Aim of the exercise
Look for the line containing "Banjo,Kmise 5 String" and the line containing "MS license plate XLL598" in the entries below. Copy those two and all lines between them exactly, leaving out pictures.

Data records
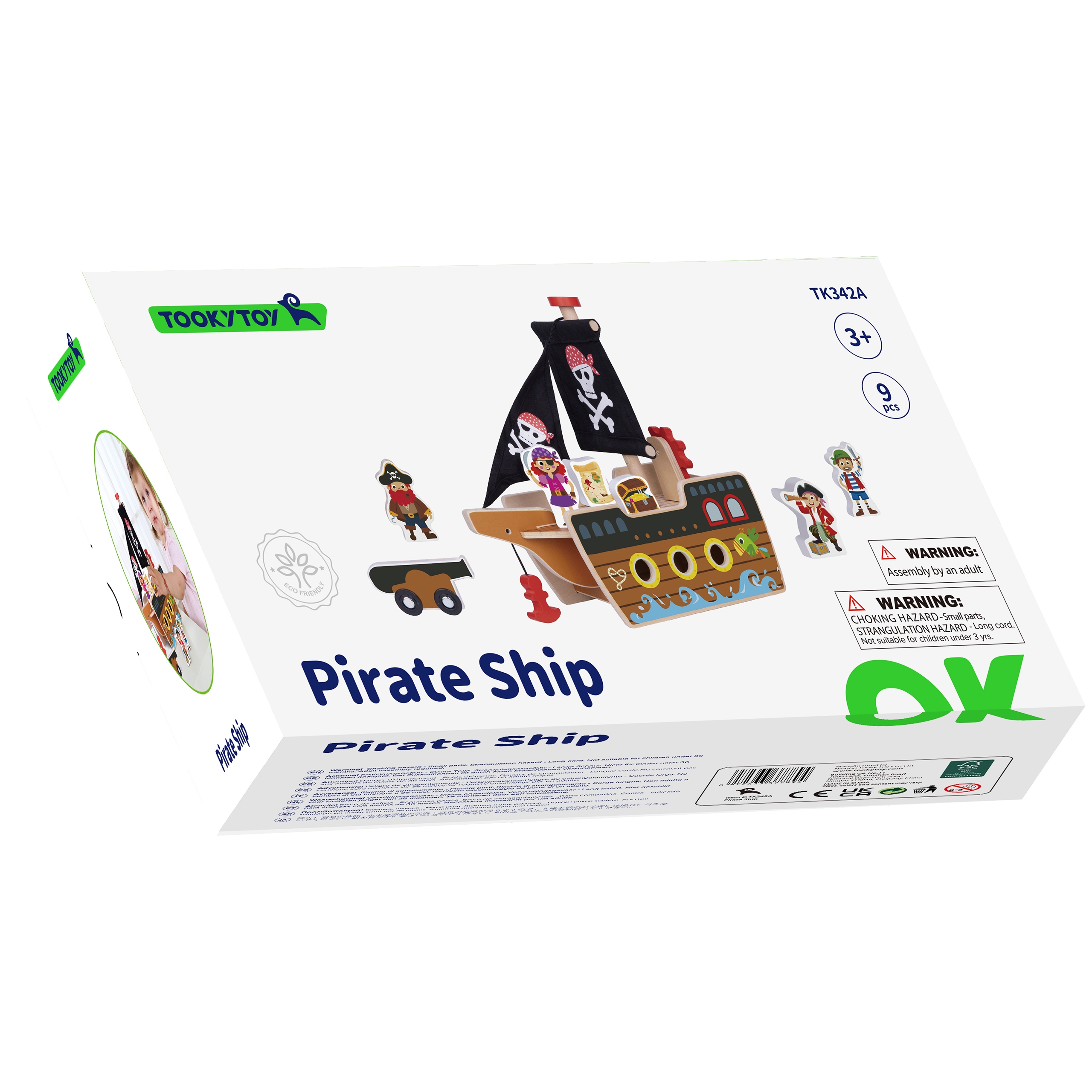 Statek piracki drewniany figurki zestaw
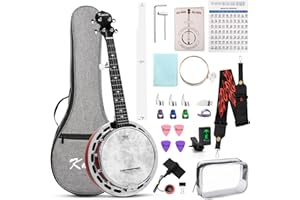 Banjo,Kmise 5 String Mini Banjos with Remo Head 28 inch Closed Back Banjo Kit with Bag, Strap, Tuner, and Finger Picks for St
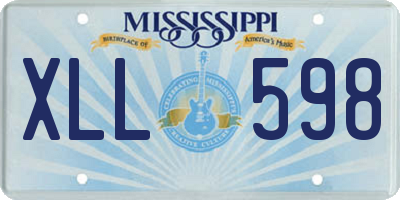 MS license plate XLL598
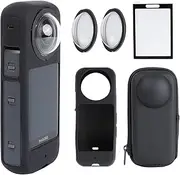 PellKing Camera Protective Accessories Kit for Insta360 X3, Inst 360 X3 Bundle Include Lens Guard/Silicone Protective Cover/Screen Protectors/Camera Case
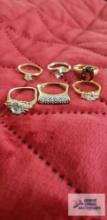 Gold colored costume jewelry rings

Result
 Banjo,Kmise 5 String Mini Banjos with Remo Head 28 inch Closed Back Banjo Kit with Bag, Strap, Tuner, and Finger Picks for St
 MS license plate XLL598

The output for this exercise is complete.